━━━━━ Data supplied ━━━━━

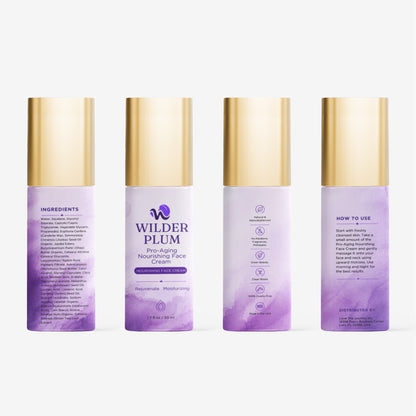 Wilder Plum Pro-Aging Nourishing Face Cream Gold Cap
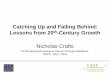 Catching Up and Falling Behind: Lessons from 20  … · Catching Up and Falling Behind: Lessons from 20th-Century Growth ... 1870 1913 1950 1973 2010 ... Argentina 7 Africa 34 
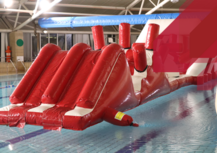 play equipment at a swimming pool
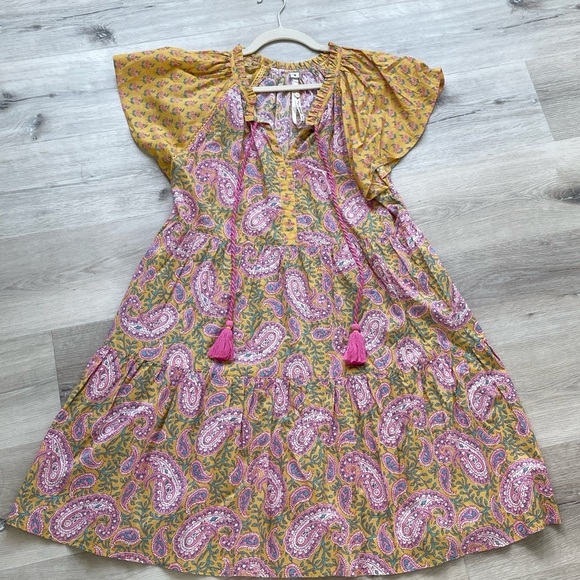 NWOT - Uncle Frank Tiered Paisley Dress - size S - Picture 2 of 6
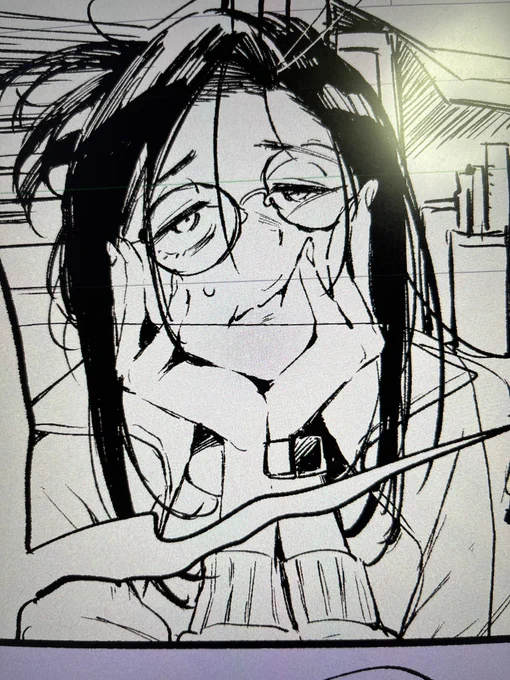 こういう二次創作で描く機会ないような顔楽しい…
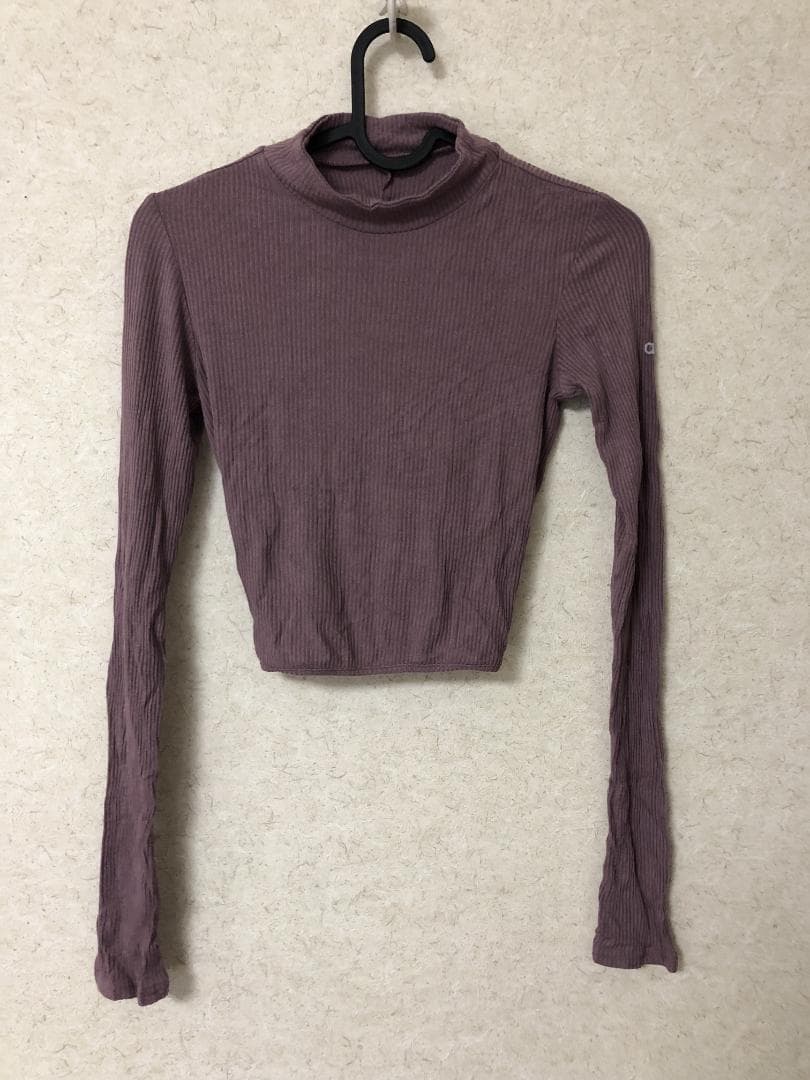 aloyoga アローヨガ トップス バックオープン モーブピンク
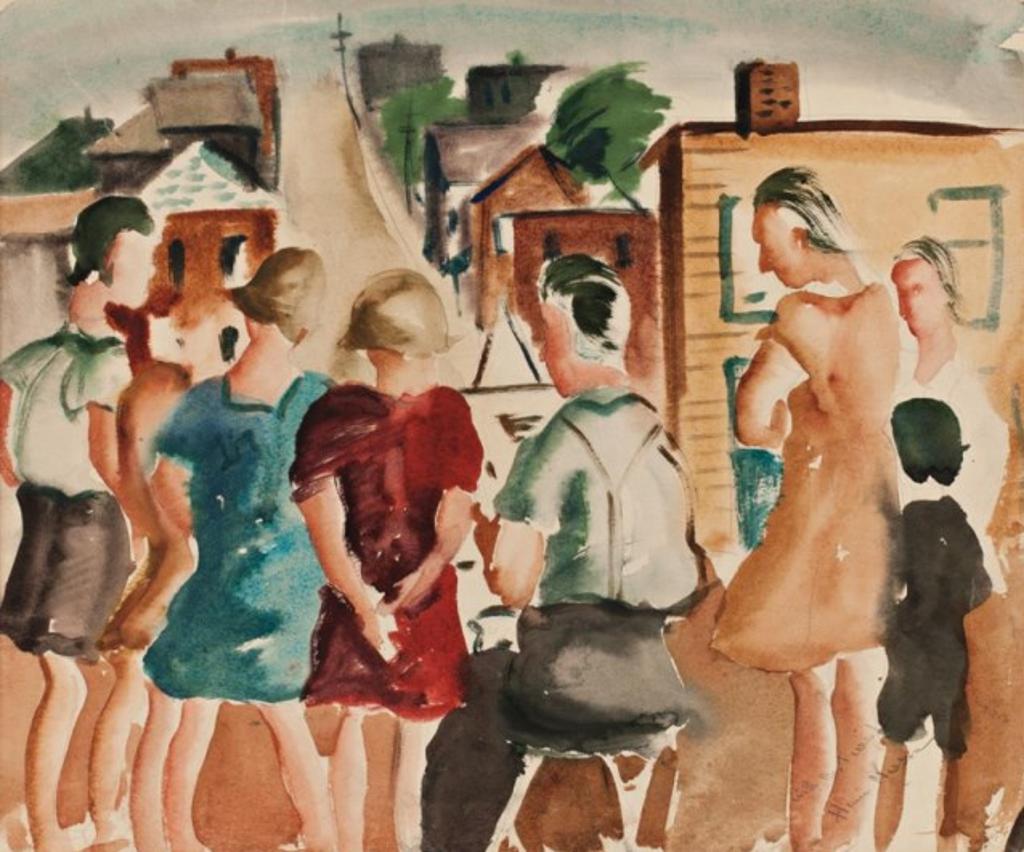 Henri Jacques Masson (1907-1995) - The Artist Painting with Children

━━━━━

• Exercise objective:
Retype every entry verbatim and exclude the pictures from the copy.

• Written solution:
 Wilder Plum Pro-Aging Nourishing Face Cream Gold Cap
 Catching Up and Falling Behind: Lessons from 20  … · Catching Up and Falling Behind: Lessons from 20th-Century Growth ... 1870 1913 1950 1973 2010 ... Argentina 7 Africa 34 
 play equipment at a swimming pool
 NWOT - Uncle Frank Tiered Paisley Dress - size S - Picture 2 of 6
 こういう二次創作で描く機会ないような顔楽しい…
 aloyoga アローヨガ トップス バックオープン モーブピンク
 Henri Jacques Masson (1907-1995) - The Artist Painting with Children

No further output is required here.